Can you please post your sitemap and tell us which version of web scraper extension and OS version are you using?

akshay.kotha · March 14, 2018, 11:33am

{"_id":"tru_ca_nest","startUrl":["https://www.tru.ca/nursing/faculty.html","https://www.tru.ca/science/programs/physics/faculty.html","https://www.tru.ca/science/programs/nrs/faculty.html","https://www.tru.ca/science/programs/math/contact.html","https://www.tru.ca/science/programs/msces/faculty.html","https://www.tru.ca/science/programs/compsci/people.html","https://www.tru.ca/science/programs/chemistry/faculty.html","https://www.tru.ca/science/programs/aret/contactus.html","https://www.tru.ca/science/programs/aht/diploma/faculty.html","https://www.tru.ca/arts/sociology-anthropology/faculty.html","https://www.tru.ca/arts/journalism/faculty.html","https://www.tru.ca/arts/english-modern-languages/faculty.html","https://www.tru.ca/arts/geography/faculty.html","https://www.tru.ca/arts/php/faculty.html","https://www.tru.ca/arts/modern-languages/faculty.html","https://www.tru.ca/arts/psychology/faculty.html","http://visualarts.inside.tru.ca/faculty/","https://www.tru.ca/business/facultyresearch/faculty/accountingfinance.html","https://www.tru.ca/business/facultyresearch/faculty/economics.html","https://www.tru.ca/business/facultyresearch/faculty/human-enterprise-and-innovation.html","https://www.tru.ca/business/facultyresearch/faculty/management.html","https://www.tru.ca/business/facultyresearch/faculty/marketing.html","https://www.tru.ca/edsw/education/faculty.html","https://www.tru.ca/edsw/social-work/faculty.html","https://www.tru.ca/edsw/esl/faculty.html","https://www.tru.ca/law/faculty-staff/faculty.html","https://www.tru.ca/law/faculty-staff/sessional-faculty.html"],"selectors":[{"id":"namelink","type":"SelectorLink","selector":"main div.medium-4 a,td:nth-of-type(1) a,td a","parentSelectors":["_root"],"multiple":true,"delay":0},{"id":"name","type":"SelectorText","selector":"div.large-10 h1","parentSelectors":["namelink"],"multiple":false,"regex":"","delay":0},{"id":"email","type":"SelectorText","selector":"div.contentarea > p","parentSelectors":["namelink"],"multiple":false,"regex":"","delay":0},{"id":"department","type":"SelectorText","selector":"div.breadcrumbs a:nth-of-type(3)","parentSelectors":["namelink"],"multiple":false,"regex":"","delay":0}]}

I am on Mac High Sierra. Web scraper extension version - 0.3.7 on chrome.

Akshay

KristapsWS · March 14, 2018, 12:16pm

Please post your error messages.

To access error messages follow these steps:

Open chrome://extensions/ or go to manage extensions
Enable “developer mode” at the top right
Open Web Scrapers “background page”
A new popup window should appear.
Go to “Console” tab. You should see Web Scraper log messages and errors there.

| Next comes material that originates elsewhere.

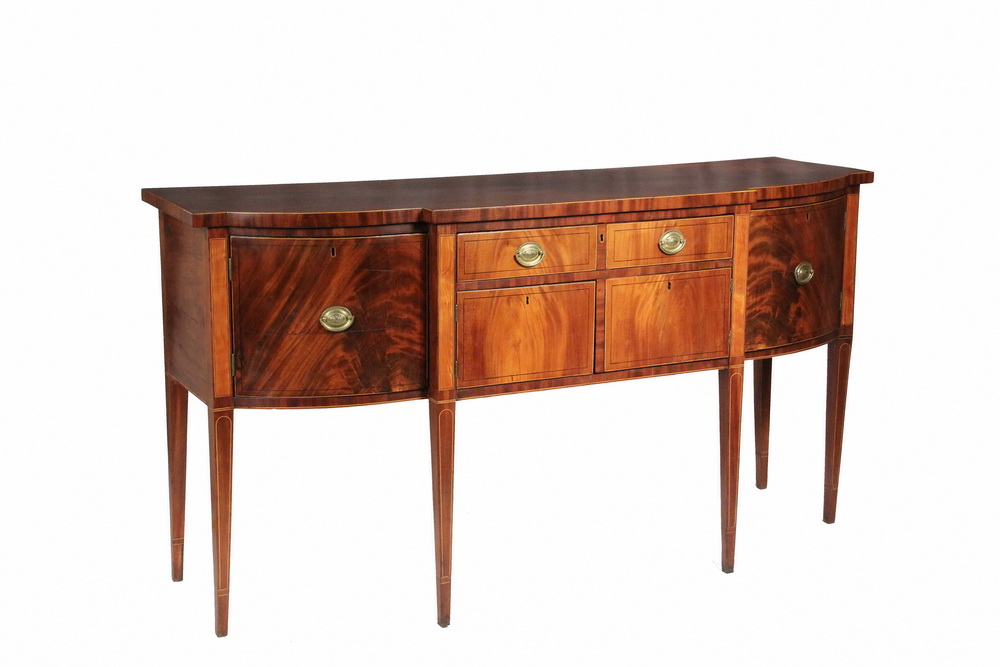 Appraisal: AMERICAN FEDERAL PERIOD SIDEBOARD - Figured Mahogany with String Inlaid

akshay.kotha · March 14, 2018, 12:34pm

I can't see any errors after clicking the 'background page'. Should I run it again - the scraper?

Akshay

KristapsWS · March 14, 2018, 12:36pm

Yes, copy the error messages after the scraper gets stuck.

akshay.kotha · March 14, 2018, 1:29pm

Hi KristpsWS,

I think this time it ran fine and hence I cannot see any red color errors in the console.

Thanks for the support.

Will be in touch,
Akshay

martins · April 12, 2018, 10:57am